--- EXTRACTED MATERIAL ---

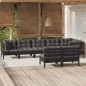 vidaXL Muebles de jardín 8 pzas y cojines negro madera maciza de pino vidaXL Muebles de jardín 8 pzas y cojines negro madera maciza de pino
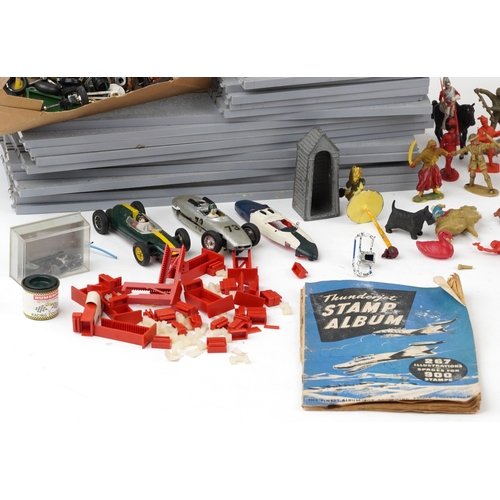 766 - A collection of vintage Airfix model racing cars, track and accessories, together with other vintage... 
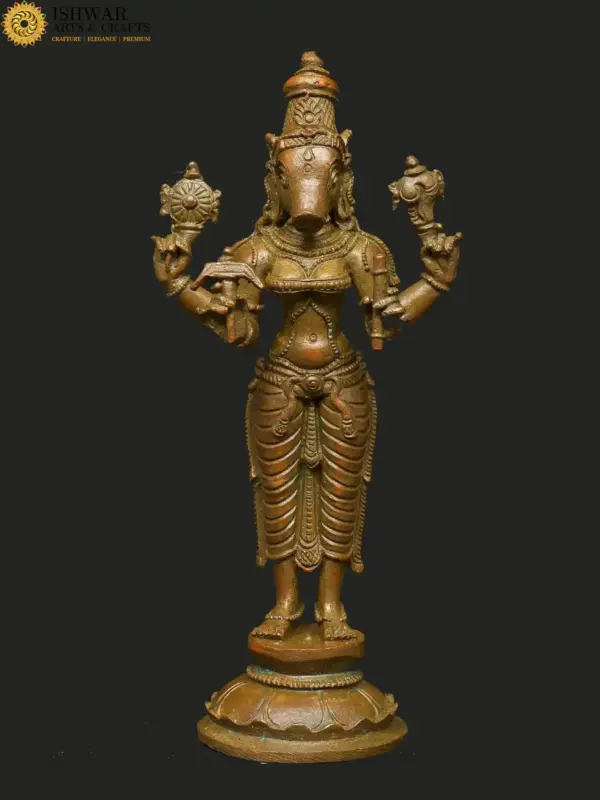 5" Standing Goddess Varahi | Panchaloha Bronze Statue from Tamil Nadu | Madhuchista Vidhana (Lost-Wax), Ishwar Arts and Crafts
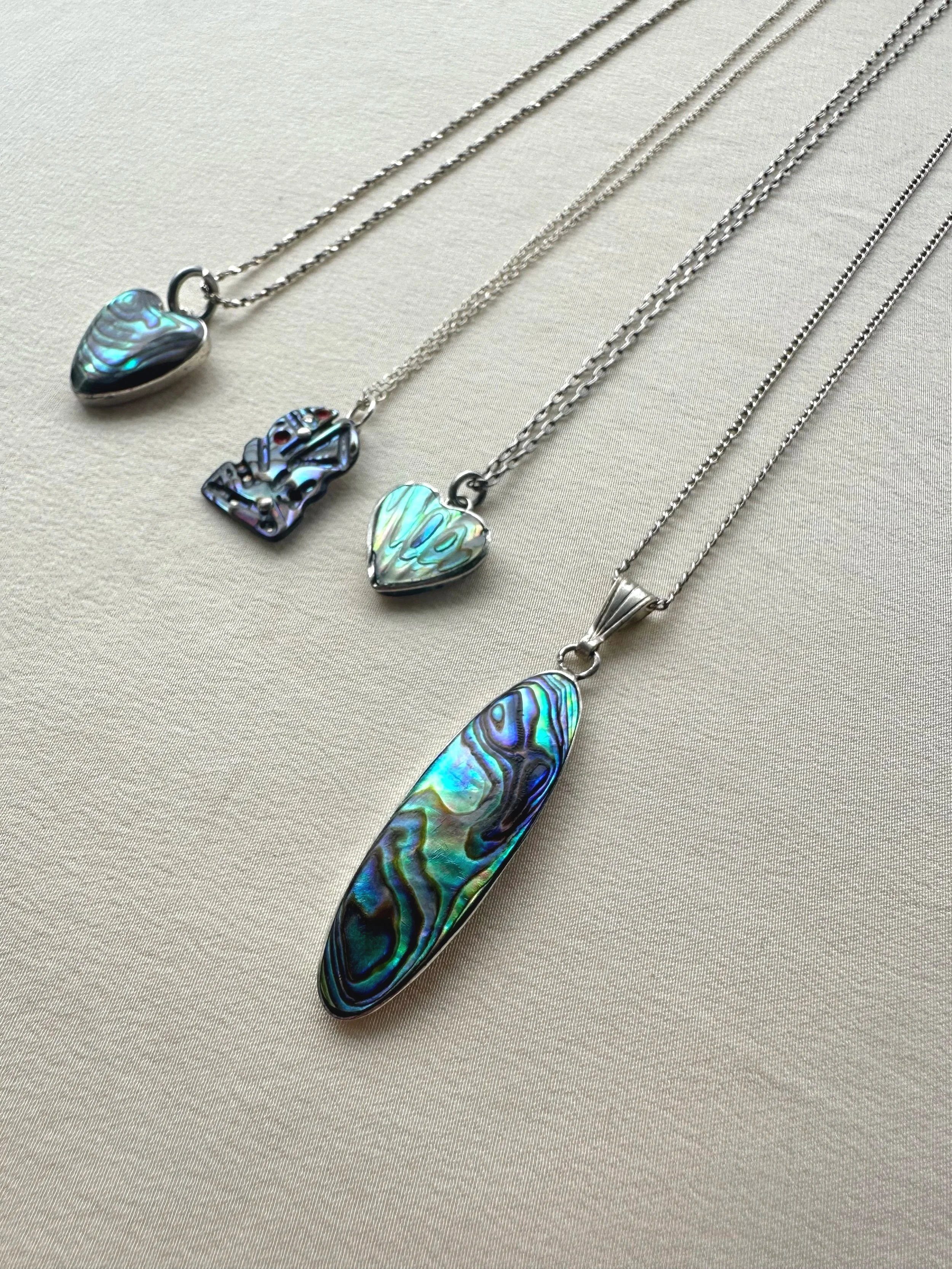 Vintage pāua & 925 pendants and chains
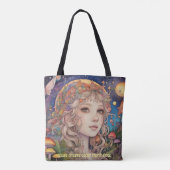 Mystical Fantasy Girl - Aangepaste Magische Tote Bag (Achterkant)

---

Omitting all pictures, retype exactly the lines from the line containing "766 - A collection" down to the last line above, both ends included.

 766 - A collection of vintage Airfix model racing cars, track and accessories, together with other vintage... 
 5" Standing Goddess Varahi | Panchaloha Bronze Statue from Tamil Nadu | Madhuchista Vidhana (Lost-Wax), Ishwar Arts and Crafts
 Vintage pāua & 925 pendants and chains
 Mystical Fantasy Girl - Aangepaste Magische Tote Bag (Achterkant)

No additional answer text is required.